The notable issues in this Newsletter are as follows:
- The consultation paper on the European Commission’s Renewed Strategy on Sustainable Finance within the framework of the European Green Deal. It builds on its 2018 Action Plan on financing sustainable growth and its objective is to achieve climate neutrality in the European Union while ensuring a fair transition.
- The European Commission’s public consultation on a new digital finance strategy for Europe/FinTech action plan aiming to help this institution in gathering public sector and financial stakeholders’ opinions on how its strategy should be focused to address digitisation in the financial sector in the next five years.

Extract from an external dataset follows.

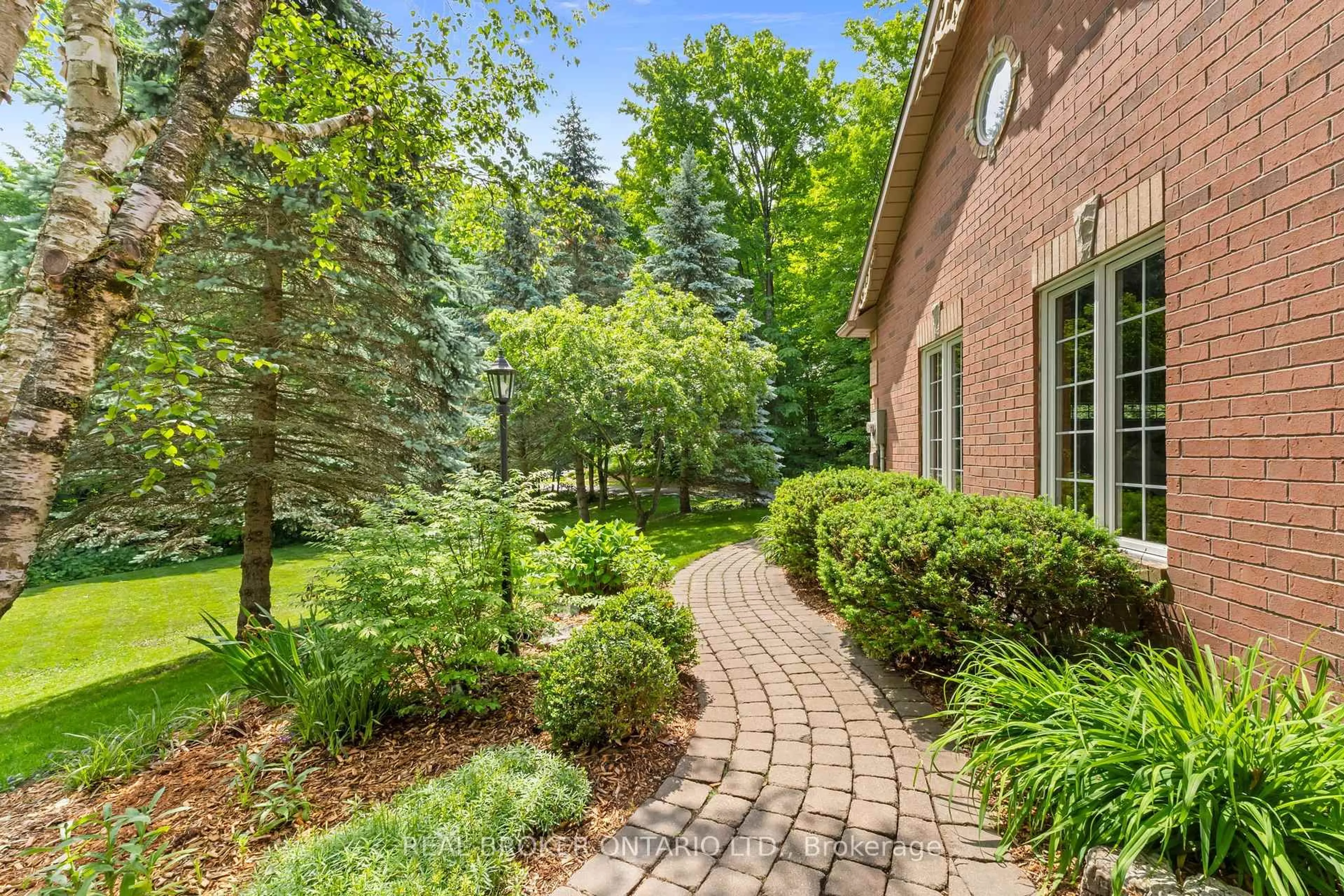 Patio, street for 8 Oakview Pl, Uxbridge Ontario L9P 0L1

- The European Commision’s public consultation on the functioning of certain aspects of the legal regime applicable to financial instrument markets (MiFID II/MiFIR), mainly regarding the advisability of establishing an EU consolidated tape provider, various issues related to investor protection, the impact of the new regulation on investment research and the commodity derivatives market.
- The Final Report on ESMA’s Technical Advice to the Commission on the impact of the inducements and costs and charges disclosure requirements under MiFID II, issued on 31 March 2020, including a number of proposals to improve the applicable regime.
- ESMA’s consultation focused on the transparency regime for equity and equity-like instruments, which analyses the impact in practice of such transparency obligations and the effects of the use of the waivers envisaged under MiFIR. In addition, the document includes an assessment on the shares trading obligation and an analysis on systematic internalisers provisions in relation to transparency.
- The OECD’s Report on “Equity market development in Latin America”, which deals with the main strengths and weaknesses found in the six main Latin American securities markets in relation to the adequate development of the equities markets in those jurisdictions and which suggests less dependence on bank financing and an increased role for the capital markets.
- The Final Report on global initiatives on stable crypto-assets, also known as stablecoins, in which IOSCO considers their impact on global financial regulation and presents a hypothetical case study to assessing the applicability of the standards, recommendations and principles issued by the Committee on Payments and Market Infrastructure (CPMI) and the International Organization of Securities Commissions.